As if the common day dynamics, somewhat overlooked by people in their regular lives, in a both precise and chaotic arrangement on stage, can be strange; as if revealing the structure is a way to rip the structure to its roots. Later on, the opposite can happen: as the scenes develop at their own pace, a firstly strange image can be normalized until it becomes something else in the audience’s multitudinous mind.

That mirroring – or confrontation – between Multitud and the multitude of watchers is another aspect to consider. During the May 23rd presentation at the Place des Festivals for the FTA (Montreal/Canada), when performers were running on stage, a group of young girls stood up to leave; and they did it running, perhaps not even aware that for that brief moment they became a part of the artwork. People would talk during the performance, two friends took a selfie of them whilst “watching”, and so the ideas and configurations of a coexistence are not only seen at the composition proposed by Cubas, but also in the spontaneous (and sometimes chaotic and even unpleasant) composition performed by the audience watching.

Homens 8 (León Ferrari)

In the open space, Multitud becomes part of the city where it is presented.

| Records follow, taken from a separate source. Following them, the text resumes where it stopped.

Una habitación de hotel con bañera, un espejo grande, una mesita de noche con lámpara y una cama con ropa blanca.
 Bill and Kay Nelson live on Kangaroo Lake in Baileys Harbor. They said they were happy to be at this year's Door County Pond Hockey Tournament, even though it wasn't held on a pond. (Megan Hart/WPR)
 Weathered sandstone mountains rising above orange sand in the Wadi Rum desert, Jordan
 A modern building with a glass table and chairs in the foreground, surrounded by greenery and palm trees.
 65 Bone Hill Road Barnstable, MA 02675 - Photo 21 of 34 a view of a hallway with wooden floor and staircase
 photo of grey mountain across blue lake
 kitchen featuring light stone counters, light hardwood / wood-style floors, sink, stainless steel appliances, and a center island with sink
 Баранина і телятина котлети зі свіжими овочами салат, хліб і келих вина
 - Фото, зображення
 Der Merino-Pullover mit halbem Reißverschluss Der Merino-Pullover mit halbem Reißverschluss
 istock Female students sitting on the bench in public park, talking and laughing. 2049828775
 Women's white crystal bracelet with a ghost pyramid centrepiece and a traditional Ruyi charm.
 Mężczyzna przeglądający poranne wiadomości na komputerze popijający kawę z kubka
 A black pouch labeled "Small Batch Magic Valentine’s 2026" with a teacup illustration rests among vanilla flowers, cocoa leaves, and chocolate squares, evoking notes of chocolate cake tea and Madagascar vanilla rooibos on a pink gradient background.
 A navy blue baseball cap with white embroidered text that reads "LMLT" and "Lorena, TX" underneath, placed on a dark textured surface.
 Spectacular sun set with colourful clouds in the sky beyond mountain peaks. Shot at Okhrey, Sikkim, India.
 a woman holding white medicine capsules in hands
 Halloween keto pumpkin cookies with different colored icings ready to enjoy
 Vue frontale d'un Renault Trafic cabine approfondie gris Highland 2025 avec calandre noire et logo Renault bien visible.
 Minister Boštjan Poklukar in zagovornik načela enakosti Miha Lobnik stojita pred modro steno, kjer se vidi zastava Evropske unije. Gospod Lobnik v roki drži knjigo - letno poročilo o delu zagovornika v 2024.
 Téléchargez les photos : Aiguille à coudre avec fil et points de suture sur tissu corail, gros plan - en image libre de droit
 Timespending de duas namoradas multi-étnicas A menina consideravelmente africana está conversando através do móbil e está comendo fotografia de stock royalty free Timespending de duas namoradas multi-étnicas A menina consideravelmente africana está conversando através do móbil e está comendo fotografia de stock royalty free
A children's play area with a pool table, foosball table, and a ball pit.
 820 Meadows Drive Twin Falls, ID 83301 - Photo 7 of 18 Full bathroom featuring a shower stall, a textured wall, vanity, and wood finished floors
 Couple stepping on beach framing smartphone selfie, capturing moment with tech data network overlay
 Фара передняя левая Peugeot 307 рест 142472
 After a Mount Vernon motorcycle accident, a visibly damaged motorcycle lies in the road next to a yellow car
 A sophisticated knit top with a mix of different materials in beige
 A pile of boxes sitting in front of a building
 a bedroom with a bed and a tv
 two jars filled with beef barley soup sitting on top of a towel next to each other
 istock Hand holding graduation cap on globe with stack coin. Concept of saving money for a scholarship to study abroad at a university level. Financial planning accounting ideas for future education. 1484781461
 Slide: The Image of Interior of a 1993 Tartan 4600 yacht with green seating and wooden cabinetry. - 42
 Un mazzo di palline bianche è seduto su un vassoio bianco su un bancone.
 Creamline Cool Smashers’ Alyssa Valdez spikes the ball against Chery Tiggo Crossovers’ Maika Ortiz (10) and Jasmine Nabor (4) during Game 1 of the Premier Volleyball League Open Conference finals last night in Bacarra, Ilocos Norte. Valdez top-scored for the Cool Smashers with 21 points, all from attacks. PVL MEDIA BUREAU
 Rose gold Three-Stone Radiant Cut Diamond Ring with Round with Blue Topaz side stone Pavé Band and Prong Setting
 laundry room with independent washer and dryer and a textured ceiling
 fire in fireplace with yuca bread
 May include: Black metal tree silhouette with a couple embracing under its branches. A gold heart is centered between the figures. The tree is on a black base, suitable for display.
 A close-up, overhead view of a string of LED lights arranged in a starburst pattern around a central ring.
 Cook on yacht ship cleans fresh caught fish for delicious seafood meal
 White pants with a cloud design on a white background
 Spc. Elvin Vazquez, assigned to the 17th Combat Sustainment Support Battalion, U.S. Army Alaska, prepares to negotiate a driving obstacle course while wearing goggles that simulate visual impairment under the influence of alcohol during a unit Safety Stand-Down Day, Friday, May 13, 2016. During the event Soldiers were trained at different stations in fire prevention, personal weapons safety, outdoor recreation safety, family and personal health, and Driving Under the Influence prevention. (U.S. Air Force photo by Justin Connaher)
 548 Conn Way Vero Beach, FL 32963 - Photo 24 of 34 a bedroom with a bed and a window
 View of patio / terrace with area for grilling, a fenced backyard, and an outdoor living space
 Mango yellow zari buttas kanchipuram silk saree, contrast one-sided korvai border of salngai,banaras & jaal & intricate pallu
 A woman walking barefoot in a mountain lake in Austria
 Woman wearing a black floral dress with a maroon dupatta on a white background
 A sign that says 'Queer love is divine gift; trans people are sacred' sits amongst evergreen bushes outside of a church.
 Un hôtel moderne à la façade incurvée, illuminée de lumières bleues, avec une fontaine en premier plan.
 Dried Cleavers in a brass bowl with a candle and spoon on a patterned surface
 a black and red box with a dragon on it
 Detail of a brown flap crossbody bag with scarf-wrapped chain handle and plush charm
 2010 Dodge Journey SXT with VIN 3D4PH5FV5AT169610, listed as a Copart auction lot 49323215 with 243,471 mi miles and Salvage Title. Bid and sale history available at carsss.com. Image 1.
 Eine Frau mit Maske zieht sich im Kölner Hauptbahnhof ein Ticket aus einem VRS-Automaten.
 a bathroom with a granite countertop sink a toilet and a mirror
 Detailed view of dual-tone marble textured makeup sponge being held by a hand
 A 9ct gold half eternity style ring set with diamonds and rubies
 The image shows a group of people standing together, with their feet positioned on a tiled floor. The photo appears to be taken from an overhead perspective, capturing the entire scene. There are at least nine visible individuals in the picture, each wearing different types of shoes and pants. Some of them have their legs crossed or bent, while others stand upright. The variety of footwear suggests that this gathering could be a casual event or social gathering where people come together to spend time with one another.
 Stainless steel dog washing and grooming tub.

To stay present and focused is not a simple task considering everything that it involves – people could be leaving because of the cold weather, but also because of the progression of the show, and one could never say for sure what makes one stay and what makes one leave. There is, though, the feeling that Multitud is not designed to be seen in an arena, from all the sides; some of the most high-voltage images presented are thought within the context of a frontality, being one side of the audience privileged in that sense.

And the multitude in the audience, as an innate characteristic common to humanity, is eager for narratives. The compositions are essentially spatial, but it is almost inevitable to imagine significance – as of the encounter between a black young woman and an old white lady: they are just standing in front of one another as the viewers, in real time, are writing some sort of story for them. Distances, levels, speeds, expressions; the theatricality of Multitud meets some unavoidable performative reception as the pure presence of performers, perpassed by all sorts of readings coming from themselves and their bodies, generates layers of meanings as they are watched within the context of a work of art.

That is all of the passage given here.